Problematizaremos

Relacionamento abusivo – Quem é a vítima?

Presenciamos diariamente histórias de relacionamentos abusivos vivenciados principalmente por mulheres. Agressões físicas e psicológicas, proibições, controle, monitoramento e possessividade são os exemplos mais comuns desse tipo de comportamento. Mulheres que são diariamente subjugadas pelo simples fato de ser mulher. Mas engana-se aqueles que veem como relacionamento abusivo um problema enfrentado exclusivamente pela mulher.

A mulher, por uma questão histórica e social, sempre esteve no foco quando se trata de sofrer com suas relações. Mas o que temos visto é que com o tempo algumas mulheres aprenderam a ser tão cruéis quanto alguns homens, no que tange a relacionamentos.

Atualmente, é possível afirmar que ao menos 50% das denúncias de estupro e violência doméstica são falsas. Desentendimentos, traições e vingança seriam as principais motivações para que mulheres tenham essa atitude.

Depoimentos contraditórios e inconsistentes é de praxe nesses casos. Por essa razão, é necessário que a suposta vítima seja ouvida pelo menos três vezes antes da instauração do inquérito. Há ainda os casos de alienação parental, em que as mães convencem as filhas a dar queixa do pai o acusando de estupro. Casos como esses são mais comuns do que imaginamos e acontece o tempo todo, atrapalhando o trabalho da polícia e da justiça e pondo em descrédito a palavra das mulheres que realmente são vítimas dessa violência.

Recentemente nos deparamos com o caso da esposa de um cantor famoso que o acusou de violência doméstica praticada, inclusive, com a ajuda da mãe e da irmã do cantor. A suposta vítima, que afirma ter recebido chutes enquanto estava caída ao chão, durante uma discussão, não quis fazer o exame de corpo e delito no ato da denúncia. Em seguida Poliana negou as acusações feitas por ela mesma através de uma rede social e decidiu se apresentar para a realização do exame que comprovaria a existência ou não das agressões. O exame deu negativo.

E após toda uma polêmica gerada em torno do caso citado, pudemos perceber o quão frágil é a imagem de uma pessoa, e como é fácil destruir a vida de alguém com apenas uma falsa denúncia. O cantor passou a ser questionado por várias mulheres, que dentre tantas teorias encontradas por estas, insinuaram ainda que o cantor Victor pode ter corrompido a polícia e o IML para que estes dessem um parecer favorável ao suposto agressor.

Acontece que nem sempre o homem é o vilão da história. Conforme demonstrado no decorrer do texto, pelo menos metade das denúncias feita por mulheres são inverídicas, e esse pode ter sido mais um caso de denúncia falsa, de uma mulher que, por algum motivo, resolveu praticar um ato de vingança contra o seu marido. De acordo com a delegada, o motivo da briga teria sido porque Victor havia levado a filha mais velha do casal para a casa de sua mãe, que mora no mesmo prédio, e Poliana não teria ficado satisfeita.

Considerando uma briga envolvendo família, sogra papagaio, periquito e etc, esse pode sim ser mais um caso de denúncia falsa feita com o intuito de ferrar com o cara vingança. A grande questão é que não sabemos a razão para esta mulher voltar atrás do que falou.
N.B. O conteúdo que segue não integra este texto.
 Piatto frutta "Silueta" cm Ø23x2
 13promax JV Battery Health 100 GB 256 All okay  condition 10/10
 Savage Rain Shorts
Inúmeras teorias podem ser criadas para justificar o rumo que essa história tomou, a exemplo da ex-mulher do candidato a prefeito do RJ, Pedro Paulo, que misteriosamente resolveu negar todas as agressões por ela relatada, assumindo pra si toda a culpa pela agressão sofrida por ela ainda à época em que eram casados.
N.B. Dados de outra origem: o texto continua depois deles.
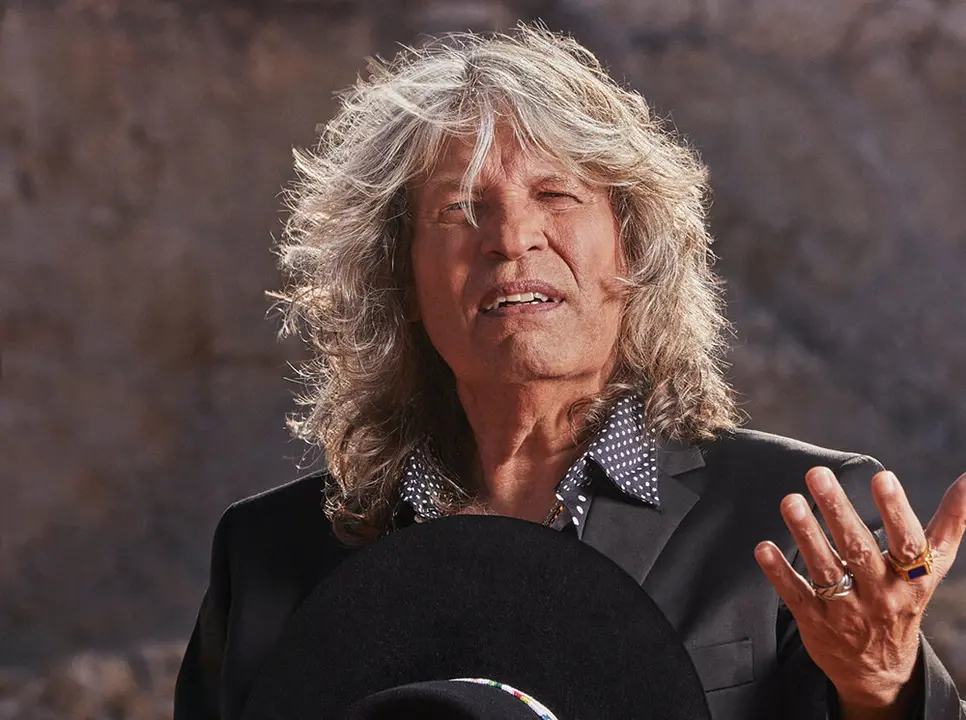 El cantaor flamenco, Jos&eacute; Merc&eacute;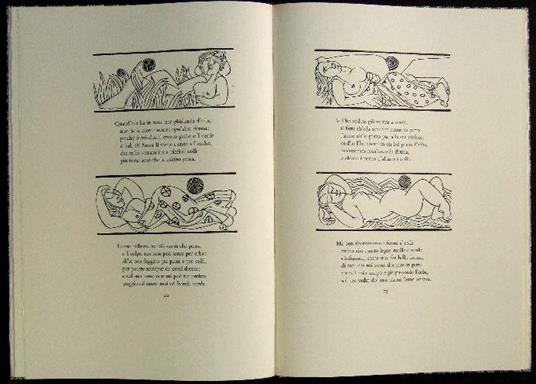 Rime per la donna Pietra - Dante Alighieri - 5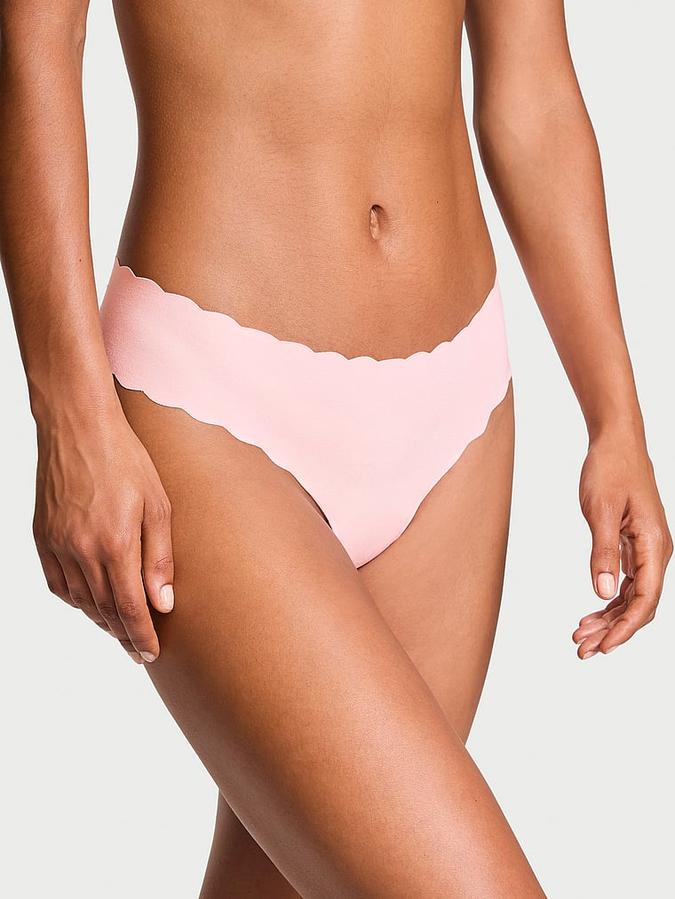 No-Show Thong Panty image number 0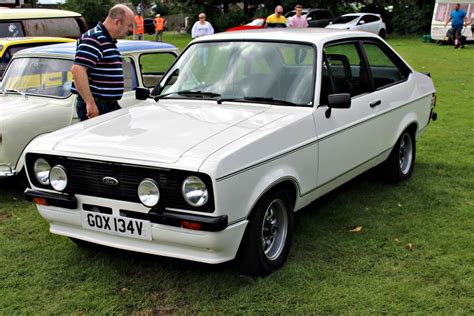 123 Ford Escort Mkii 1600 Sport 1980 Gox 134 V Flickr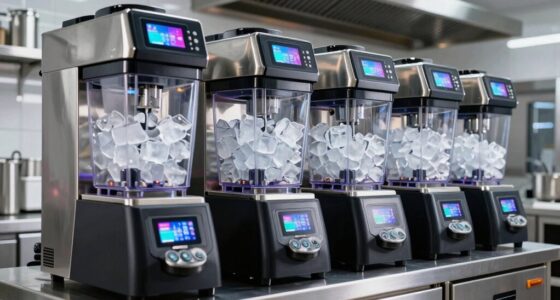 top commercial ice blenders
Acontece que no caso de Victor, a separação não ocorreu, e a mulher, além de estar grávida, ainda vive maritalmente com ele. E eis que surge a grande questão: como viver com uma pessoa que foi capaz de denunciar falsamente uma agressão? Seria como dormir com o inimigo. É nunca mais poder confiar novamente na pessoa que dorme ao seu lado. É sempre esperar uma nova armadilha, uma nova denúncia falsa.